To me, if you are a serious baseball fan who loves and understands the game, you would vote those players into the Hall of Fame. Unanimous? Damn right it should be unanimous.

Then there are players who inspire disagreement. Should Craig Biggio be in the Hall of Fame? Well, he had 3,000 hits and he was a really good player in the mid 1990s. But was also stuck around a very long time to get those 3,000 hits, and he wasn’t an especially good player for the last eight years or so years of his career, and his peak wasn’t that long …

That’s a real argument, you can see why someone WOULD vote for Biggio and why someone WOULD NOT vote for Biggio. That to me is a legitimate reason why the vote would not unanimous. It is not because a player is only 99% Hall of Fame worthy. It is because there is a viable reason or numerous reasons that a voter believes the player IS NOT a Hall of Famer. Warren Spahn got only 83.2% of the vote in his induction year. Are you telling me almost 17% of a knowledgable base of baseball fans honestly believe that WARREN FREAKING SPAHN is not a Hall of Famer? This stuff is so stupid.

Take the four players I listed. My history with Derek Jeter is pretty well known; I coined the word “Jeterate.” I am no fan of Chipper Jones. I readily acknowledge the lack of innings Mariano Rivera pitched and am generally skeptical of the value of closers. And Griffey was never a great player after he turned 30 — absurdly his total WAR after age 30 is 7.5. Yeah. That’s over 10 years.

That said every one of them is a no-doubt Hall of Famer for me. Should they be voted in unanimously? I really don’t see a particularly good argument why they SHOULD NOT be unanimous, except that no player ever is.

* * *

Changing the game

If I could change one thing in the game it would be to …

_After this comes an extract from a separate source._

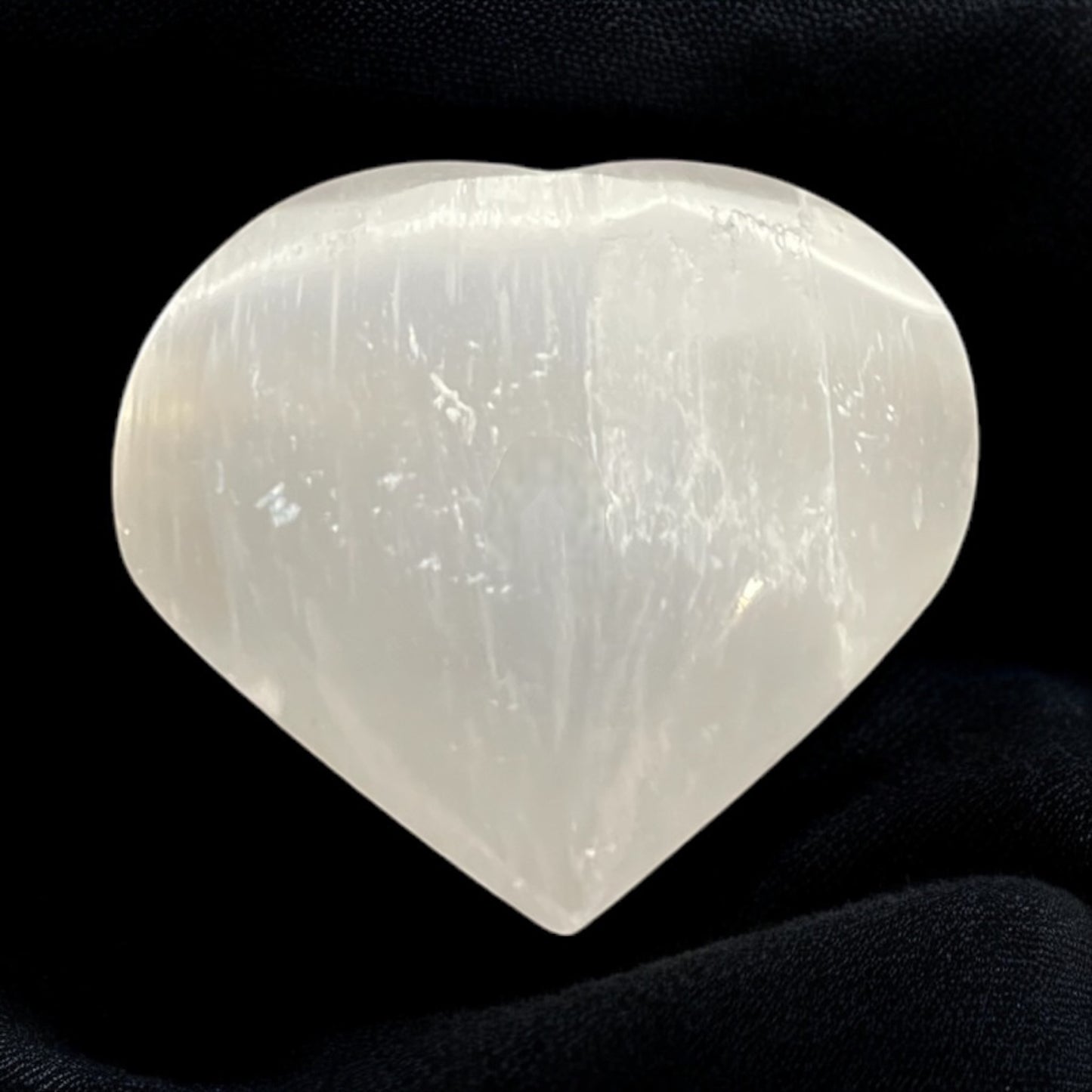 Mini Selenite Heart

… reduce intentional walks: 6.9%

… make extra inning play more interesting: 0.9%

… reduce pitching changes: 18.2%

… speed up the game: 28.8%

… create more offense: 5.1%

… further clamp down on steroid use: 9.9%

… alter the umpiring system: 13.9%

… do nothing; I wouldn’t change the game at all: 16.3%

I’ll admit … this question was kind of a throwaway. I didn’t want just nine questions and I kind of threw this one together to make it an even 10. With more time I probably should have come up with better ideas for changing the game. Not surprisingly, 71% of the people who said that the longer games are major problems for them voted to speed up the game.